• _Aim of the task_
In the listing below, find the line with "828◇自社便対応地域あり◇学童机・学童椅子4組(新JIS5.", then repeat exactly every line from the top through that one.

• _Supplied records_
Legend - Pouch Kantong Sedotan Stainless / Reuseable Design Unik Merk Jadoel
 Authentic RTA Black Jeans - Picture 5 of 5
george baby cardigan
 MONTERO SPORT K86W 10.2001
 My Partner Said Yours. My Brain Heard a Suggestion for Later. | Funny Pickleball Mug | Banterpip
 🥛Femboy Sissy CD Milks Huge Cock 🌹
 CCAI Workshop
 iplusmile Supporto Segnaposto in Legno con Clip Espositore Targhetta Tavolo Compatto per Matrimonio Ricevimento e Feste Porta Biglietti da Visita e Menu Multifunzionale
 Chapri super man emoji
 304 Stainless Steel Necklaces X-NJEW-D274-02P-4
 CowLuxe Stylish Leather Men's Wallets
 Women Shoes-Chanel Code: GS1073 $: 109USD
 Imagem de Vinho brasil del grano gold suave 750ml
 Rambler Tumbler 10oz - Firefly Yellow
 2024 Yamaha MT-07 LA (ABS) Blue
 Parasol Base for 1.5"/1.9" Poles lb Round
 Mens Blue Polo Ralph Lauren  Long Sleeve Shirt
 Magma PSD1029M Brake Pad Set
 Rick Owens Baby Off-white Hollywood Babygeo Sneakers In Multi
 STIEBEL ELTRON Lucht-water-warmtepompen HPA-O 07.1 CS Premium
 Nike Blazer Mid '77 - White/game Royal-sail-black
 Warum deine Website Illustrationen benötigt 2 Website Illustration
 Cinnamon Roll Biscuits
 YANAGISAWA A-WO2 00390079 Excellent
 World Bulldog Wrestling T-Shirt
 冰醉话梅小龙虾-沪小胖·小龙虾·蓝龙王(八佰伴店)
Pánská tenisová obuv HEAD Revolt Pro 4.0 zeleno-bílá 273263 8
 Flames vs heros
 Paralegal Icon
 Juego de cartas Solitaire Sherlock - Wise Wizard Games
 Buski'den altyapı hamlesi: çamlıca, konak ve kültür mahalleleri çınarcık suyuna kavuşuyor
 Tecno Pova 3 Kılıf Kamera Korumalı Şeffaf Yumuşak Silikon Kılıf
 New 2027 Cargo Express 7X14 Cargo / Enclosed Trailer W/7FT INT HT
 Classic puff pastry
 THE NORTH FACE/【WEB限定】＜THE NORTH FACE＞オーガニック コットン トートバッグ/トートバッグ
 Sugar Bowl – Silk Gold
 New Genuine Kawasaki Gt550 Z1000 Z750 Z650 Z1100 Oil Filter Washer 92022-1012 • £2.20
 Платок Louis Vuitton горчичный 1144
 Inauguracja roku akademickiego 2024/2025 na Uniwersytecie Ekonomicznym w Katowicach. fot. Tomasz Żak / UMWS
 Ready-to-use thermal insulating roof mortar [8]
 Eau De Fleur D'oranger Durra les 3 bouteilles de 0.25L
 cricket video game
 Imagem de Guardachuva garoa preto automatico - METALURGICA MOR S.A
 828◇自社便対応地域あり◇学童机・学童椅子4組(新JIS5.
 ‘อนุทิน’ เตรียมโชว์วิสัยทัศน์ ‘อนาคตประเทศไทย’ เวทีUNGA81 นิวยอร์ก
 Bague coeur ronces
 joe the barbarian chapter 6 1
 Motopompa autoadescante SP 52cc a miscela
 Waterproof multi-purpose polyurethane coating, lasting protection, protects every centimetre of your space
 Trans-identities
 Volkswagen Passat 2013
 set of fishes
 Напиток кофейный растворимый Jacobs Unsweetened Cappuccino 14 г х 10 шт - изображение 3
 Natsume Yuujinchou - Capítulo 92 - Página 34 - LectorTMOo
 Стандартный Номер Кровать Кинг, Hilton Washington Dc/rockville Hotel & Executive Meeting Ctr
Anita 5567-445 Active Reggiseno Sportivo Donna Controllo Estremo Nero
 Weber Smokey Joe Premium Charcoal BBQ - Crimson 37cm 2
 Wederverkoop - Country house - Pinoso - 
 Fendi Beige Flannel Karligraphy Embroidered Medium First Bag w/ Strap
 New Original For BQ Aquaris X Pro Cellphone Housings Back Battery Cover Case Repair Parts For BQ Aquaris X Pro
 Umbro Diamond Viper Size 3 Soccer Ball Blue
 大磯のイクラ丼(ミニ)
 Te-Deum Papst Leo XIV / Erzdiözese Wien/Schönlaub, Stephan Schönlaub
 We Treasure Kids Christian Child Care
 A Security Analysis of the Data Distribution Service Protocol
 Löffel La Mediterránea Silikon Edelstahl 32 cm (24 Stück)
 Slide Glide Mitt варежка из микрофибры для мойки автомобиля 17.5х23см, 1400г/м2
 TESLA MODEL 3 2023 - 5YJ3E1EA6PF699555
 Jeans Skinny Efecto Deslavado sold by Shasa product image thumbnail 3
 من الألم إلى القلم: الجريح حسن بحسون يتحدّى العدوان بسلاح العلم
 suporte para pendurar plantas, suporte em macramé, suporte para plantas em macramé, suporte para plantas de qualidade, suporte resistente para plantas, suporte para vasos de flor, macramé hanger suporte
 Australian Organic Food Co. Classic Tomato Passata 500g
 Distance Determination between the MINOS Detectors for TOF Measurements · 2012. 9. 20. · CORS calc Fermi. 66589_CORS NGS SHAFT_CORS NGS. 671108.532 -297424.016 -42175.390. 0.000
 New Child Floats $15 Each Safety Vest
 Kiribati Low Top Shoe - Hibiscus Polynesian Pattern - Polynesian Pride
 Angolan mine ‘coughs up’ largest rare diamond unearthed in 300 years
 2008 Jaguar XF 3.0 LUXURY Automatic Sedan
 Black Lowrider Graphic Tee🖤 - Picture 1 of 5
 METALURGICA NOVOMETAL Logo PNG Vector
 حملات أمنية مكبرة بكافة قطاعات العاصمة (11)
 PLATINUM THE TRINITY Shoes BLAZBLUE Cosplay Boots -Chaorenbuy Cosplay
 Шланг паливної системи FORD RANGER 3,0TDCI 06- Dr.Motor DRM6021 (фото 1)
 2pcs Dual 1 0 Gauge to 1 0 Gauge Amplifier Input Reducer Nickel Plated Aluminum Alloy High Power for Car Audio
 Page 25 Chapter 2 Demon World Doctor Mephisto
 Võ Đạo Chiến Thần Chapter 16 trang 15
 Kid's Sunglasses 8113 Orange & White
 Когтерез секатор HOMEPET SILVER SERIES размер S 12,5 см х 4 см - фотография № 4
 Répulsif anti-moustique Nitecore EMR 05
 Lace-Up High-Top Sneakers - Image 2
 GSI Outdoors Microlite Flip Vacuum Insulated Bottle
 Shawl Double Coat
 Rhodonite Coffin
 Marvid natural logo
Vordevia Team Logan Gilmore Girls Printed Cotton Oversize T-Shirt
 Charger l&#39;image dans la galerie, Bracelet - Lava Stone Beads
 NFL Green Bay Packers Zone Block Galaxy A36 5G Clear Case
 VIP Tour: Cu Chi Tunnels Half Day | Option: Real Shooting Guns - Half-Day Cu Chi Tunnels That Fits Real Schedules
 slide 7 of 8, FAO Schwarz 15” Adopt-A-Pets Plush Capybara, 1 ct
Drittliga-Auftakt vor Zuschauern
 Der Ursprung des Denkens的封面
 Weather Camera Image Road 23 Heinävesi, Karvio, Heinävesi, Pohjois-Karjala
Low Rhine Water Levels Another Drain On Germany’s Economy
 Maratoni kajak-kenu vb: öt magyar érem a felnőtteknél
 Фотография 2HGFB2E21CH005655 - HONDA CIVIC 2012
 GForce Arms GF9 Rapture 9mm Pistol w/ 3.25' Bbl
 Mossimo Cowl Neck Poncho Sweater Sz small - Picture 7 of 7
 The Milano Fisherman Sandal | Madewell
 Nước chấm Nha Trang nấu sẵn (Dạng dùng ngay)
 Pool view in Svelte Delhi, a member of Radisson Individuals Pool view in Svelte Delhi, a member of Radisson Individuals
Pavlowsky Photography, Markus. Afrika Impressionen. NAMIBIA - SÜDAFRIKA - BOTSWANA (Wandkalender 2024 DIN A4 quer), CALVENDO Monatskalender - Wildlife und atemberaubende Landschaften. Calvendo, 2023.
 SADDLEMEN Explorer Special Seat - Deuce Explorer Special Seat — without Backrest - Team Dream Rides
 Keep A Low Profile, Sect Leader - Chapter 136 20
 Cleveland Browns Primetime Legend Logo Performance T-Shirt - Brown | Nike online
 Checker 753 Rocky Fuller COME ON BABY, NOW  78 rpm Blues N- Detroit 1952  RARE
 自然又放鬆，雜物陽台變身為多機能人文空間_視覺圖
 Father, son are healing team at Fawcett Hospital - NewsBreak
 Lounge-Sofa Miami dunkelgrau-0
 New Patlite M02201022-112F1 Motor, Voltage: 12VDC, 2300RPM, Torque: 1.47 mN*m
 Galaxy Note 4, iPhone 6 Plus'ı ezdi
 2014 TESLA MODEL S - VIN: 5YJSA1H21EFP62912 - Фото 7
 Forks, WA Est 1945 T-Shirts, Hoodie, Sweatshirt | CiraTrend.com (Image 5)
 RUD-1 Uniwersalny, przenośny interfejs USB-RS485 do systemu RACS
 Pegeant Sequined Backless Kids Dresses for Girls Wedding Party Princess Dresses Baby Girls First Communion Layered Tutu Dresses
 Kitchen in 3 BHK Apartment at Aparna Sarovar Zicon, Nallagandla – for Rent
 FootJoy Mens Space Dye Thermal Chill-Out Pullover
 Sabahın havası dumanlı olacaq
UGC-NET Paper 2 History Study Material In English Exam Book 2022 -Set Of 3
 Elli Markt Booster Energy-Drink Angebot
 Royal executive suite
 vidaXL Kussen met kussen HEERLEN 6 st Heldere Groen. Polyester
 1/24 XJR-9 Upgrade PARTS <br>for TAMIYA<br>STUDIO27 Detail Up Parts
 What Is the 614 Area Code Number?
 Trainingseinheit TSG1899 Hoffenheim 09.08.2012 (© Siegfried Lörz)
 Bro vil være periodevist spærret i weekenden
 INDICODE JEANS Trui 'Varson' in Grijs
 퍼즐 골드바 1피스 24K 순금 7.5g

• _Finished task_
Legend - Pouch Kantong Sedotan Stainless / Reuseable Design Unik Merk Jadoel
 Authentic RTA Black Jeans - Picture 5 of 5
george baby cardigan
 MONTERO SPORT K86W 10.2001
 My Partner Said Yours. My Brain Heard a Suggestion for Later. | Funny Pickleball Mug | Banterpip
 🥛Femboy Sissy CD Milks Huge Cock 🌹
 CCAI Workshop
 iplusmile Supporto Segnaposto in Legno con Clip Espositore Targhetta Tavolo Compatto per Matrimonio Ricevimento e Feste Porta Biglietti da Visita e Menu Multifunzionale
 Chapri super man emoji
 304 Stainless Steel Necklaces X-NJEW-D274-02P-4
 CowLuxe Stylish Leather Men's Wallets
 Women Shoes-Chanel Code: GS1073 $: 109USD
 Imagem de Vinho brasil del grano gold suave 750ml
 Rambler Tumbler 10oz - Firefly Yellow
 2024 Yamaha MT-07 LA (ABS) Blue
 Parasol Base for 1.5"/1.9" Poles lb Round
 Mens Blue Polo Ralph Lauren  Long Sleeve Shirt
 Magma PSD1029M Brake Pad Set
 Rick Owens Baby Off-white Hollywood Babygeo Sneakers In Multi
 STIEBEL ELTRON Lucht-water-warmtepompen HPA-O 07.1 CS Premium
 Nike Blazer Mid '77 - White/game Royal-sail-black
 Warum deine Website Illustrationen benötigt 2 Website Illustration
 Cinnamon Roll Biscuits
 YANAGISAWA A-WO2 00390079 Excellent
 World Bulldog Wrestling T-Shirt
 冰醉话梅小龙虾-沪小胖·小龙虾·蓝龙王(八佰伴店)
Pánská tenisová obuv HEAD Revolt Pro 4.0 zeleno-bílá 273263 8
 Flames vs heros
 Paralegal Icon
 Juego de cartas Solitaire Sherlock - Wise Wizard Games
 Buski'den altyapı hamlesi: çamlıca, konak ve kültür mahalleleri çınarcık suyuna kavuşuyor
 Tecno Pova 3 Kılıf Kamera Korumalı Şeffaf Yumuşak Silikon Kılıf
 New 2027 Cargo Express 7X14 Cargo / Enclosed Trailer W/7FT INT HT
 Classic puff pastry
 THE NORTH FACE/【WEB限定】＜THE NORTH FACE＞オーガニック コットン トートバッグ/トートバッグ
 Sugar Bowl – Silk Gold
 New Genuine Kawasaki Gt550 Z1000 Z750 Z650 Z1100 Oil Filter Washer 92022-1012 • £2.20
 Платок Louis Vuitton горчичный 1144
 Inauguracja roku akademickiego 2024/2025 na Uniwersytecie Ekonomicznym w Katowicach. fot. Tomasz Żak / UMWS
 Ready-to-use thermal insulating roof mortar [8]
 Eau De Fleur D'oranger Durra les 3 bouteilles de 0.25L
 cricket video game
 Imagem de Guardachuva garoa preto automatico - METALURGICA MOR S.A
 828◇自社便対応地域あり◇学童机・学童椅子4組(新JIS5.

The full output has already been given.